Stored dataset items
··········

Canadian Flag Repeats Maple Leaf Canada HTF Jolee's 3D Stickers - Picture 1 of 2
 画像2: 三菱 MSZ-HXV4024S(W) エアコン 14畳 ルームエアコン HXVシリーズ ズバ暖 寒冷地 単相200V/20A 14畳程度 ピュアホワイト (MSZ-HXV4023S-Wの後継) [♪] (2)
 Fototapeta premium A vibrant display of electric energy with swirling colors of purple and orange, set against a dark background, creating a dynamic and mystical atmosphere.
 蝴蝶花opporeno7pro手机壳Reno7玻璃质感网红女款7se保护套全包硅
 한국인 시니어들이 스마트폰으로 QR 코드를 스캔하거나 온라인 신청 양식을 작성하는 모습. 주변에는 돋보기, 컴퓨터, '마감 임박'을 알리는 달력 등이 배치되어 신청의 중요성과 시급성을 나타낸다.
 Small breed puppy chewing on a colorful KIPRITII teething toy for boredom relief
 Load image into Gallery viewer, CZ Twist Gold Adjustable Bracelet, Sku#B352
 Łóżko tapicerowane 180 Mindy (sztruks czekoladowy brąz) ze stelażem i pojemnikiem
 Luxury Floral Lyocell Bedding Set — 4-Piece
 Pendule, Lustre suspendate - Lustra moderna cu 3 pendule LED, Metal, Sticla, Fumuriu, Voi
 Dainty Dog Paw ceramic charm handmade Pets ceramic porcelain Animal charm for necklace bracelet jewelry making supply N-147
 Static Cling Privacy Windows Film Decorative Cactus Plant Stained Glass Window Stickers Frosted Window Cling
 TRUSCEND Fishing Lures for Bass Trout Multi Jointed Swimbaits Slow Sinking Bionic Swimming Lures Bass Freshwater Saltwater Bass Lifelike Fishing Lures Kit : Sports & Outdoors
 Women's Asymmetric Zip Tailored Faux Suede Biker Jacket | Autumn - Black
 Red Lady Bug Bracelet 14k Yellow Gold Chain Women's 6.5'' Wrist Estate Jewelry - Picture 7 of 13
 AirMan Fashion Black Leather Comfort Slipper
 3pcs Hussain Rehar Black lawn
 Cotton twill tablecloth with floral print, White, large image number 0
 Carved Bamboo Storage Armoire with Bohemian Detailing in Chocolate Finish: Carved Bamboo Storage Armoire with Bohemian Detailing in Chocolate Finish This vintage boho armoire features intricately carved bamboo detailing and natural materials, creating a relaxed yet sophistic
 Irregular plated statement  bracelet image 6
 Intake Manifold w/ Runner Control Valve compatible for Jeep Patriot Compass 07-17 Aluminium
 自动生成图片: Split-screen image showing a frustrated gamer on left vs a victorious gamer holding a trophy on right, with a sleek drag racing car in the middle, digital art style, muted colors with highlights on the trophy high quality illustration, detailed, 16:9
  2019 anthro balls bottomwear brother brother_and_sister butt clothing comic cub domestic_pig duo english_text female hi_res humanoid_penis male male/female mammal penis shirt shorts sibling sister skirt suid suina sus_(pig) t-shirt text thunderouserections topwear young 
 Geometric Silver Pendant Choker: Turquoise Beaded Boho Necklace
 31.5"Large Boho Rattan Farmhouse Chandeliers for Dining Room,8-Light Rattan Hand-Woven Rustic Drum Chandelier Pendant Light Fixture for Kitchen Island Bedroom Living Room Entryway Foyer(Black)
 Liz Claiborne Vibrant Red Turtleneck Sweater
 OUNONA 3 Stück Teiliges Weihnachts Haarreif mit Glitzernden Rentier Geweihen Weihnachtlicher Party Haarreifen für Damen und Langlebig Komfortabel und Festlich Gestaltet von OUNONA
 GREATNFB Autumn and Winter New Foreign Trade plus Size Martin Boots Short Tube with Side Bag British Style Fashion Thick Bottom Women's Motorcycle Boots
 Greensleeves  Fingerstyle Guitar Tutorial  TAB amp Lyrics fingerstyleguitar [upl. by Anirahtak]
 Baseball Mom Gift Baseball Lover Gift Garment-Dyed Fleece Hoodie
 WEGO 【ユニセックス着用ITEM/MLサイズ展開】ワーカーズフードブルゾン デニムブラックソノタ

··········

__WHAT IS REQUIRED__: Starting at the line that contains "Pendule, Lustre suspendate" and stopping after the line that contains "Cotton twill tablecloth", write out every line exactly as it appears above, and no other line.

__SOLVED PROBLEM__:
 Pendule, Lustre suspendate - Lustra moderna cu 3 pendule LED, Metal, Sticla, Fumuriu, Voi
 Dainty Dog Paw ceramic charm handmade Pets ceramic porcelain Animal charm for necklace bracelet jewelry making supply N-147
 Static Cling Privacy Windows Film Decorative Cactus Plant Stained Glass Window Stickers Frosted Window Cling
 TRUSCEND Fishing Lures for Bass Trout Multi Jointed Swimbaits Slow Sinking Bionic Swimming Lures Bass Freshwater Saltwater Bass Lifelike Fishing Lures Kit : Sports & Outdoors
 Women's Asymmetric Zip Tailored Faux Suede Biker Jacket | Autumn - Black
 Red Lady Bug Bracelet 14k Yellow Gold Chain Women's 6.5'' Wrist Estate Jewelry - Picture 7 of 13
 AirMan Fashion Black Leather Comfort Slipper
 3pcs Hussain Rehar Black lawn
 Cotton twill tablecloth with floral print, White, large image number 0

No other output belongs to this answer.